▶ [Prompt]:
Print, please, the line that contains "2025 Chevrolet Silverado 3500HD LT" and each line after it to the end of the entries, unchanged and with nothing else.
────
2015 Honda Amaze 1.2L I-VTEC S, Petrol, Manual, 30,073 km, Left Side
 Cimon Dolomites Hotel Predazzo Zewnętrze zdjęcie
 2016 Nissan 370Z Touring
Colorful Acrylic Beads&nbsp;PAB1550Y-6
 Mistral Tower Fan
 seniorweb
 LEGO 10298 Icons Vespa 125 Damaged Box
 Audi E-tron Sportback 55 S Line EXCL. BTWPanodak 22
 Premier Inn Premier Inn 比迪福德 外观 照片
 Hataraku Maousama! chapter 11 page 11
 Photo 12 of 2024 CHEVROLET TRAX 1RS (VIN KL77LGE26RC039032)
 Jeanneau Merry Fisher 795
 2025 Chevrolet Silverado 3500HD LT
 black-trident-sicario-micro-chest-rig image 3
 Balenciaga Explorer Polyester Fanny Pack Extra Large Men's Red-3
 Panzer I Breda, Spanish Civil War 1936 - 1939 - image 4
────
▶ [Solution for this exercise]:
 2025 Chevrolet Silverado 3500HD LT
 black-trident-sicario-micro-chest-rig image 3
 Balenciaga Explorer Polyester Fanny Pack Extra Large Men's Red-3
 Panzer I Breda, Spanish Civil War 1936 - 1939 - image 4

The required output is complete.